Any help appreciated
Ken

Paul_McGee · 21 May 2025 03:26

I snagged a CrossTalk licence at the recent ADUG Symposium … so thanks for an idea regarding testing its use.

I asked Google about SR in Windows apps … this was its AI-generated reply : (for the .Net case)

To use Windows Speech Recognition programmatically, you can utilize the SpeechRecognitionEngine class in .NET. This class allows you to create an in-process speech recognizer, configure its input (audio device, file, stream), define grammars for recognition, and perform recognition operations.

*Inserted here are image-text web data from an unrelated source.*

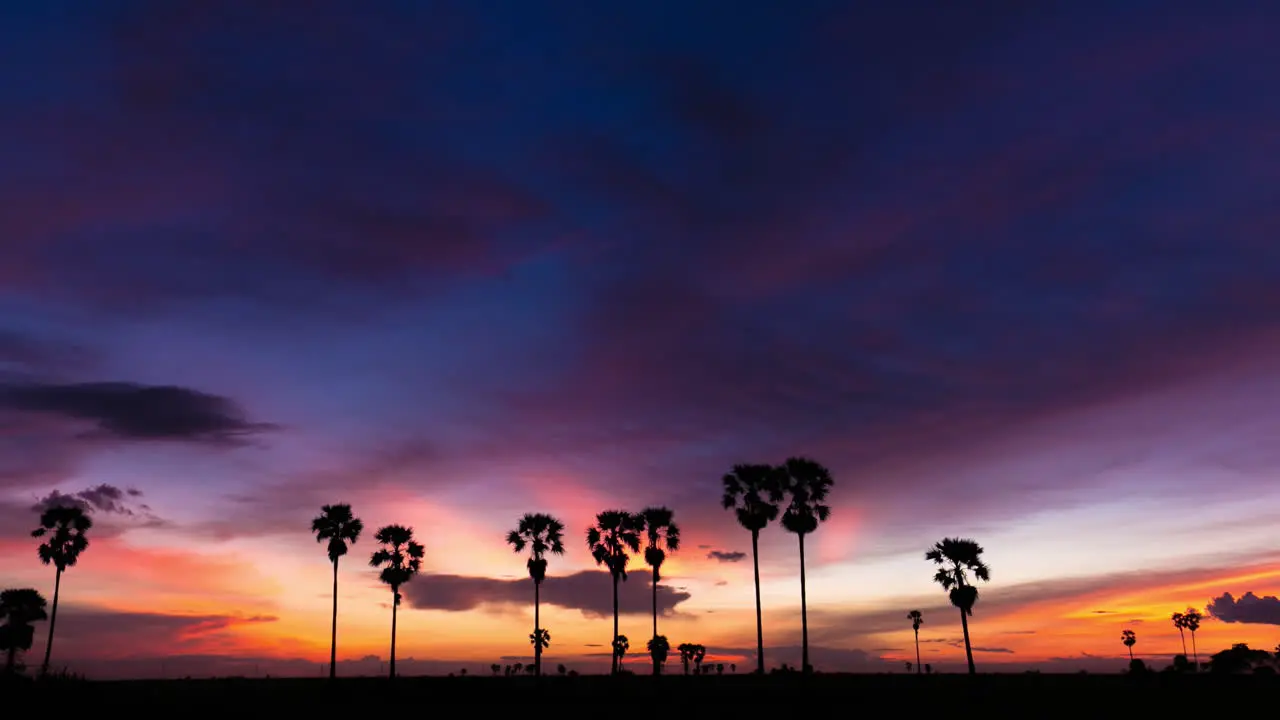 Multi Coloured Sunset over Rice Paddy and Palm Trees in the Asian Planes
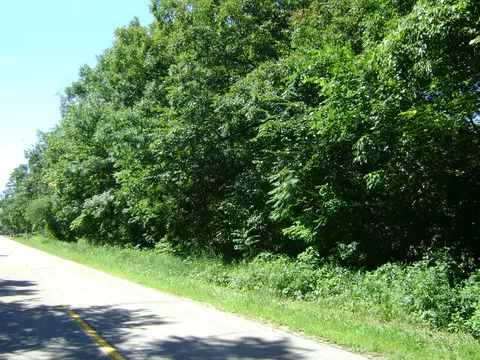 0000 W Davison Lake Rd, Metamora, MI 48371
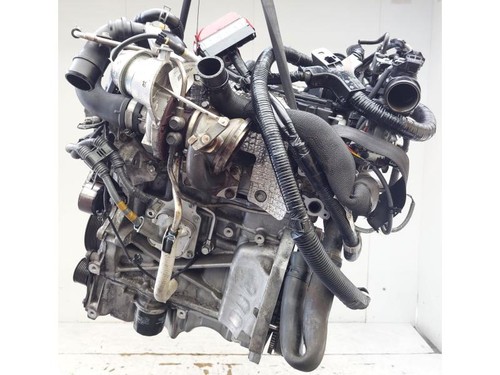 K14d motore suzuki - k14d,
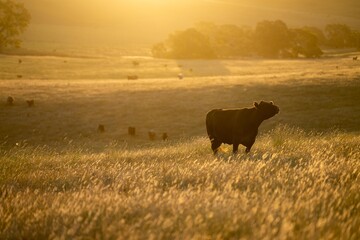 stud bull farm at sunrise with Angus, wagyu and murray grey beef bulls and cows, being grass fed on a hill in Australia.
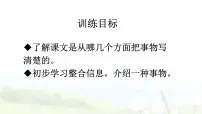 小学语文统编版（2024）三年级下册我们奇妙的世界教学课件ppt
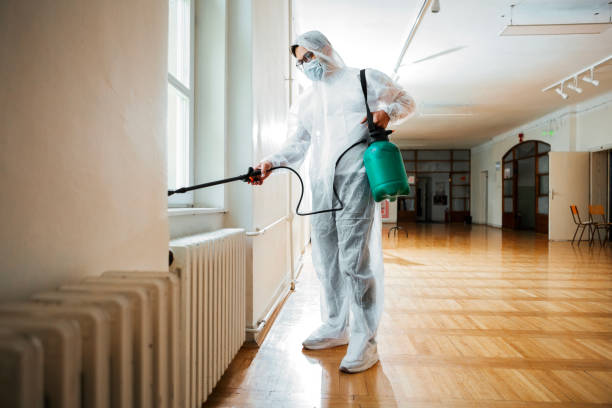 Best Bed Bug Extermination  in Hauppauge, NY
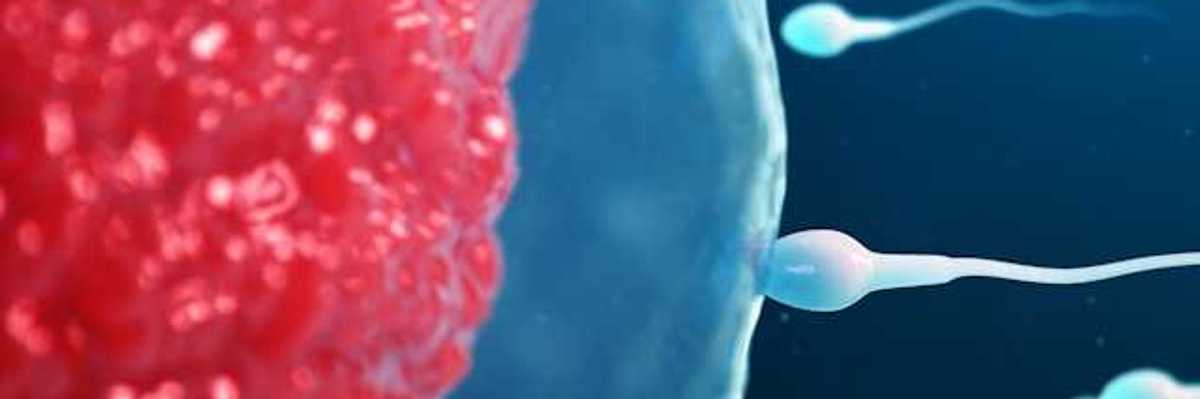 An illustration of sperm advancing toward an egg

Here’s a breakdown of the process:

Create a SpeechRecognitionEngine:

Instantiate a SpeechRecognitionEngine object.

Configure Input:

Use methods like SetInputToDefaultAudioDevice, SetInputToWaveFile, or SetInputToAudioStream to specify the source of the speech input.

Define Grammars (Optional):

You can load grammars using the LoadGrammar method. Grammars define the rules for what the speech recognizer should recognize.

Perform Recognition:

Use the Recognize or RecognizeAsync method to start the recognition process.

Handle Results:

The recognizer returns results in a RecognitionResult object. You can access the recognized text, confidence score, and other information from this object.

Example (Conceptual):

Code
using System.Speech;
using System.Speech.Recognition;
public class Example {    public static void Main(string[] args) {        // Create a SpeechRecognitionEngine
       using (SpeechRecognitionEngine engine = new SpeechRecognitionEngine()) {            // Set input to default audio device
           engine.SetInputToDefaultAudioDevice();
           // Load a grammar (example - you'll need to define your grammar)
           // Grammar grammar = new Grammar(new GrammarBuilder("example command"));
           // engine.LoadGrammar(grammar);
           // Start recognition
           engine.RecognizeAsync();
           // Handle recognition results (example)
           engine.SpeechRecognized += (sender, e) => {
               Console.WriteLine("Recognized: " + e.Result.Text);
           };
           // Keep the application running until the user stops it
           Console.ReadKey();
       }
   }
}

You’d think maybe the “C++” example on this page might be useful … but the “C++” there looks a bit dubious.
eg It seems to have var^ (like pascal) instead of var* (?!)

Paul_McGee · 21 May 2025 03:50

Looks like TMS have (paid) components for SR
or you can involve Google : https://blogs.embarcadero.com/this-google-api-easily-adds-powerful-speech-recognition-to-apps/
And I fully stumbled on this very recent repo :
sherpa-onnx/pascal-api-examples at master · k2-fsa/sherpa-onnx · GitHub

KenScalley · 22 May 2025 01:18

Looks like TMS have (paid) components for SR

This is for a not for profit, so I would say too expensive

or you can involve Google : https://blogs.embarcadero.com/this-google-api-easily-adds-powerful-speech-recognition-to-apps/
Ok, will have a look

And I fully stumbled on this very recent repo :
sherpa-onnx/pascal-api-examples at master · k2-fsa/sherpa-onnx · GitHub

Looks familiar, think I had looked at it before but will check

Thanks
Ken

Rohit_Nz · 22 May 2025 01:55

It depends on what you want to do with it. In my application, I just needed the Vet to be able to dictate notes, so I just used Dragon. Just had to make minor tweaks to the code.

KenScalley · 22 May 2025 02:32

Quite basic … walk up to computer, say your name and my program identifies the person from a known list.

Ken

Malcolm_Cheyne · 22 May 2025 02:47

@Ken. Ha Ha I can see that working with my IDENTICAL Twin Brother and me. In the old days we used to swap the phone between us whilst talking to (even family members) and nobody was the wiser.

IMHO not a strong solution. But then it’s not my program.

Malcolm Cheyne

ianbarker · 22 May 2025 14:25

Yes, identical twins exist purely to make speech and face recognition products fail miserably.

I used to write access control software - the only biometric solution which works with twins is fingerprint recognition. With the false acceptance set to a sensible level it even thwarts twins trying to sign in for each other.

Iris scanning can also work but the devices are pretty expensive, and I always had some reservations about our ability to convince someone to stick their eye against a device (people are very fussy about their eyes) - my thought was if someone using it later said they had a headache or eyesight issues the machine would be the default thing to blame for the luddites who were trying to get out of being monitored.